Сообщение пришло со следующего номера: 8 919 567 52 38 в 4 часа 33 минуты!


Теперь проанализируем сообщение!
1) Итак, оно пришло в 4.33. Специально, когда человек проснется, первое что придет в голову, что все ли в порядке с близкими людьми? Далее ситуация может идти по-разному, зависит от конкретного человека (его характера, опыта и знаний)!

2) Следующее: сообщение написано с ошибками!
Частый признак таких сообщений - слово "объясню" мошенники пишут с мягким знаком.

3) Когда вчитываешься в смысл, то понимаешь, а причем здесь 1000р?
Но можно догадаться: что вроде как ты купил себе новый номер и на него то как раз и нужно скинуть заветную сумму в 1000р.

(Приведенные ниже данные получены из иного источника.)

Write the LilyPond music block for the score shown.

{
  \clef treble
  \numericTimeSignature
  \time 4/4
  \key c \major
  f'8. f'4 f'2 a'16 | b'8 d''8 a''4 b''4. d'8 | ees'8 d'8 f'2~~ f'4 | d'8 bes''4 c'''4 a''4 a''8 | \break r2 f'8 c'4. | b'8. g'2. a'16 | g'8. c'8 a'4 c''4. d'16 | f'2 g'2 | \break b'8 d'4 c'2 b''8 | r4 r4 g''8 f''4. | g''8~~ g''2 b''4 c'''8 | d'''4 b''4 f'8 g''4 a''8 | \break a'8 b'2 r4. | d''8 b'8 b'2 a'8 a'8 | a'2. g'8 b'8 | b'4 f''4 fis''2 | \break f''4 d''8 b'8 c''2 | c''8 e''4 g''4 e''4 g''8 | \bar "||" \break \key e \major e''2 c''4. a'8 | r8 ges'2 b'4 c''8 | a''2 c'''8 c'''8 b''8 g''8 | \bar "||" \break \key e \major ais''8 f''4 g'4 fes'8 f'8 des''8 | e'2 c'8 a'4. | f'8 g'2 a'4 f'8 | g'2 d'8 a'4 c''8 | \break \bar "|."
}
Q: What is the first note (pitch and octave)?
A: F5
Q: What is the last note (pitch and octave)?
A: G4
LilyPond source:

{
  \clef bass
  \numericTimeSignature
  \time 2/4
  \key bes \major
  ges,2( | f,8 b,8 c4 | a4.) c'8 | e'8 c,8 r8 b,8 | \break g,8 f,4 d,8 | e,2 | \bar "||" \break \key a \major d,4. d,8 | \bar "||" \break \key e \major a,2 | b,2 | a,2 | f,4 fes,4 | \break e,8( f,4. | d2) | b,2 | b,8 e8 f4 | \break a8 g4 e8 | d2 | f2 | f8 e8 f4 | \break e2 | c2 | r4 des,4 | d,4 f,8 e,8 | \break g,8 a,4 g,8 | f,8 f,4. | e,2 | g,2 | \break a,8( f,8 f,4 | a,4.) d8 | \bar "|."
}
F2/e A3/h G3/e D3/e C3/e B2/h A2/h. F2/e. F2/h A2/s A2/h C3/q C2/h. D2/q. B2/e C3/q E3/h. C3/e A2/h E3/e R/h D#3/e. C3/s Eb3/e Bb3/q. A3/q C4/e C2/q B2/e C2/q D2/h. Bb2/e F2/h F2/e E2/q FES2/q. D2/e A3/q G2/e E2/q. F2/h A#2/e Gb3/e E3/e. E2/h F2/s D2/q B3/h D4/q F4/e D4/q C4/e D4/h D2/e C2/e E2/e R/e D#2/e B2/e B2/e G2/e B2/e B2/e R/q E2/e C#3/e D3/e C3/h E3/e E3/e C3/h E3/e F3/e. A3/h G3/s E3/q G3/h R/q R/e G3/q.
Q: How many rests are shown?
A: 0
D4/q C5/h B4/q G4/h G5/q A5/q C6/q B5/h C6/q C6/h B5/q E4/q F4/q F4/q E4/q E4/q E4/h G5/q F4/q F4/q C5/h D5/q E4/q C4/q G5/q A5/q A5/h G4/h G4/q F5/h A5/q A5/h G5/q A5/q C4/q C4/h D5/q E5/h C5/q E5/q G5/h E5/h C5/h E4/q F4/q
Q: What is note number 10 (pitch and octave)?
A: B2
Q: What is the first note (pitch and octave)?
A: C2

4) Сумма определена не маленькая - 1000р. Вспомните УК и вы сами все поймете! Что определенный вид мошенничества уже будет наказан не рублем, а арестом.


Предлагаю на сайте создать список с номерами данных мошенников.

----------

Надоело быть жертвой? Стань профи по информационной безопасности, получай самую свежую информацию об угрозах и средствах защиты от ведущего российского аналитического центра Anti-Malware.ru:

----------


## ВодкуГлыть

*Bacardi*, ИМХО смысла нет создавать такой список, мне кажется такие телефонные номера долго не живут - их постоянно меняют.

----------


## Bacardi

> мне кажется такие телефонные номера долго не живут - их постоянно меняют.


Тем не менее пользователи, которым пришли такие сообщения смогут убедиться в том факте - что прислали сообщение(я) мошенники!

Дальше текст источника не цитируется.